Sentiment Analysis | Vuk Batanović

SentiComments.SR - A Sentiment Analysis Dataset of Comments in Serbian

The SentiComments.SR dataset includes the following three corpora of short texts annotated for the task of sentiment analysis:
The main SentiComments.SR corpus, consisting of 3490 movie-related comments;
The movie verification corpus, consisting of 464 movie-related comments;
The book verification corpus, consisting of 173 book-related comments.
Six sentiment labels were used in dataset annotation: +1, -1, +M, -M, +NS, and -NS, with the addition of an ‘s’ label suffix denoting the presence of sarcasm. The main corpus was annotated by two annotators working together, and therefore contains a single, unified sentiment label for each comment. The verification corpora were used to evaluate the quality, efficiency, and cost-effectiveness of the annotation framework, which is why they contain separate sentiment labels for six annotators. The construction of this dataset is described in the 2020 PLoS ONE paper.

The Serbian Movie Review Dataset (SerbMR)

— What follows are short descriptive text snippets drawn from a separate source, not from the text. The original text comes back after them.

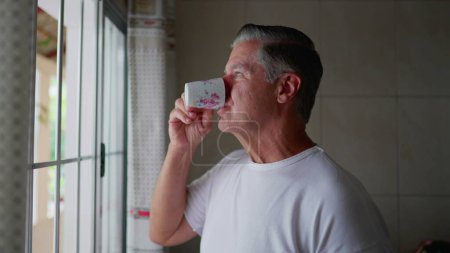 Photo for Contemplative middle-aged man standing by kitchen window sipping coffee during morning ritual, domestic everyday lifestyle of gray hair man sips warm drink - Royalty Free Image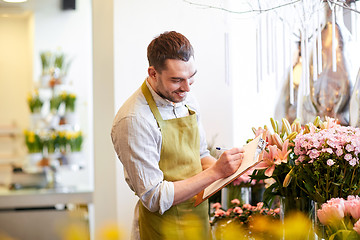 Image showing florist man with clipboard at flower shop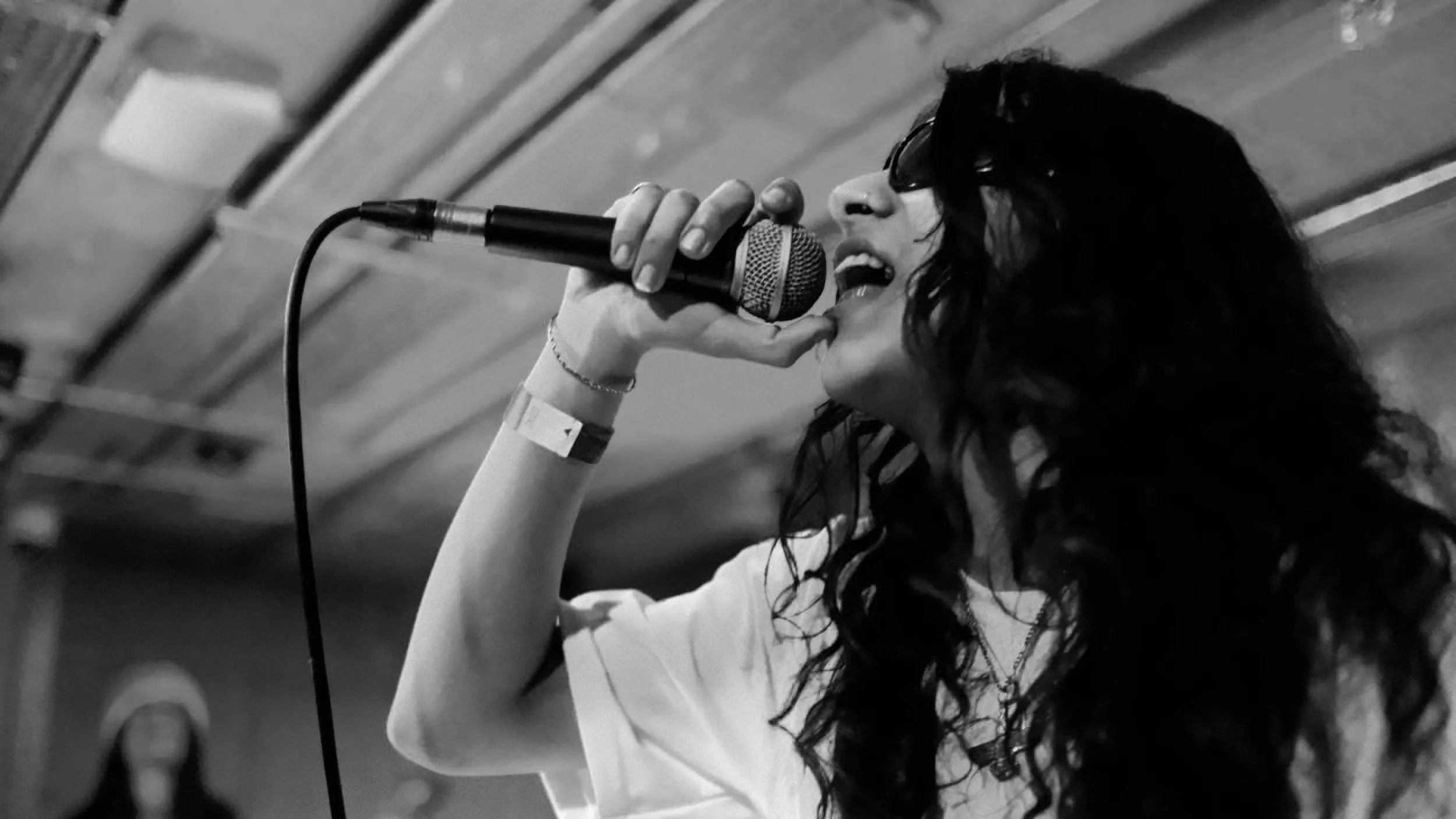 Black and white image of a person singing into a microphone on stage.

The Serbian Movie Review Dataset (SerbMR) collection consists of three movie review datasets in Serbian which were constructed for the task of sentiment analysis:
Collected movie reviews in Serbian (ISLRN 252-457-966-231-5) – an unbalanced collection of 4725 movie reviews in Serbian.
SerbMR-2C – The Serbian Movie Review Dataset (2 Classes) (ISLRN 016-049-192-514-1) – a two-class balanced sentiment analysis dataset containing 1682 movie reviews in Serbian (841 positive and 841 negative reviews).
SerbMR-3C – The Serbian Movie Review Dataset (3 Classes) (ISLRN 229-533-271-984-0) – a three-class balanced sentiment analysis dataset containing 2523 movie reviews in Serbian (841 positive, 841 neutral, and 841 negative reviews).
The construction of this dataset collection is described in the LREC 2016 paper.